Disk types and roles

  • Using SATA HDDs with one SSD for caching is more cost effective than using only SAS HDDs without such an SSD.
  • Using NVMe or SAS SSDs for write caching improves random I/O performance and is highly recommended for all workloads with heavy random access (for example, iSCSI volumes). In turn, SATA disks are best suited for SSD-only configurations but not write caching.
  • Running metadata services on SSDs improves cluster performance. To also minimize CAPEX, the same SSDs can be used for write caching.
  • Using shingled magnetic recording (SMR) HDDs is available only for storage purposes and only if the node has an SSD disk for cache.
  • If capacity is the main goal and you need to store infrequently accessed data, select SATA disks over SAS ones.
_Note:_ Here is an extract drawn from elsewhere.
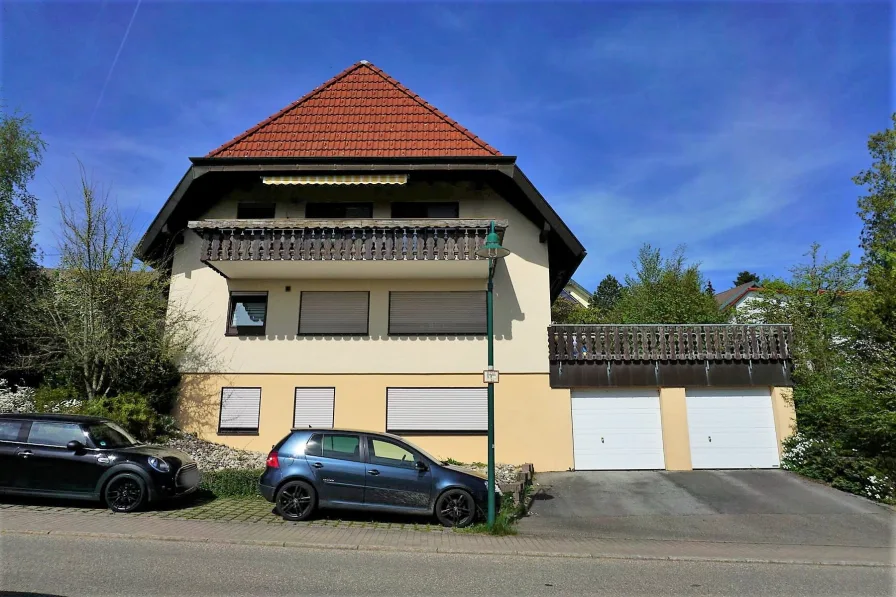 Gebäude mit Garagen - Haus kaufen in Dornstetten - Schönes 3 Familien-Haus zur Kapitalanlage.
If performance is the main goal, select NVMe or SAS disks over SATA ones.
  • Disk block size (for example, 512b or 4K) is not important and has no effect on performance.
  • The maximum supported physical partition size is 254 TiB.

Disk capacity

  • The system disk must have at least 100 GB of space.
  • It is possible to use disks of different size in the same cluster. However, keep in mind that, given the same IOPS, smaller disks will offer higher performance per terabyte of data compared to bigger disks. It is recommended to group disks with the same IOPS per terabyte in the same tier.
  • The capacity of HDD and SSD is measured and specified with decimal, not binary prefixes, so “TB” in disk specifications usually means “terabyte.” The operating system, however, displays a drive capacity using binary prefixes meaning that “TB” is “tebibyte” which is a noticeably larger number. As a result, disks may show a capacity smaller than the one marketed by the vendor. For example, a disk with 6 TB in specifications may be shown to have 5.45 TB of actual disk space in Virtuozzo Hybrid Infrastructure. 5 percent of disk space is reserved for emergency needs. Therefore, if you add a 6 TB disk to a cluster, the available physical space should increase by about 5.2 TB.
  • Performance of SSD disks may depend on their size. Lower-capacity drives (100 to 400 GB) may perform much slower (sometimes up to ten times slower) than higher-capacity ones (1.9 to 3.8 TB). Check the drive performance and endurance specifications before purchasing hardware.
  • Thin provisioning is always enabled for all data and cannot be configured otherwise.

Consumer-grade SSD drives

  • Consumer-grade SSD drives can withstand a very low number of rewrites. SSD drives intended for storage clusters must offer at least 1 DWPD endurance (10 DWPD is recommended). The higher the endurance, the less often SSDs will need to be replaced, and this will improve TCO.
  • Consumer-grade SSD drives usually have unstable performance and are not suited to withstand sustainable enterprise workloads. For this reason, pay attention to sustainable load tests when choosing SSDs.
  • Many consumer-grade SSD drives can ignore disk flushes and falsely report to operating systems that data was written while it, in fact, was not. Examples of such drives include OCZ Vertex 3, Intel 520, Intel X25-E, and Intel X-25-M G2. These drives are known to be unsafe in terms of data commits, they should not be used with databases, and they may easily corrupt the file system in case of a power failure. It is recommended to use enterprise-grade SSD drives with power loss protection, as described in Protecting data during a power outage.

RAID and HBA controllers

  • Create hardware or software RAID1 volumes for system disks by using RAID or HBA controllers, respectively, to ensure its high performance and availability.
  • Use HBA controllers, as they are less expensive and easier to manage than RAID controllers.
  • Disable all RAID controller caches for SSD drives. Modern SSDs have good performance that can be reduced by a RAID controller’s write and read cache. It is recommended to disable caching for SSD drives and leave it enabled only for HDD drives.
  • If you use RAID controllers, do not create RAID volumes from HDDs intended for storage. Each storage HDD needs to be recognized by Virtuozzo Hybrid Infrastructure as a separate device.
  • If you use RAID controllers with caching, equip them with backup battery units (BBUs), to protect against cache loss during power outages.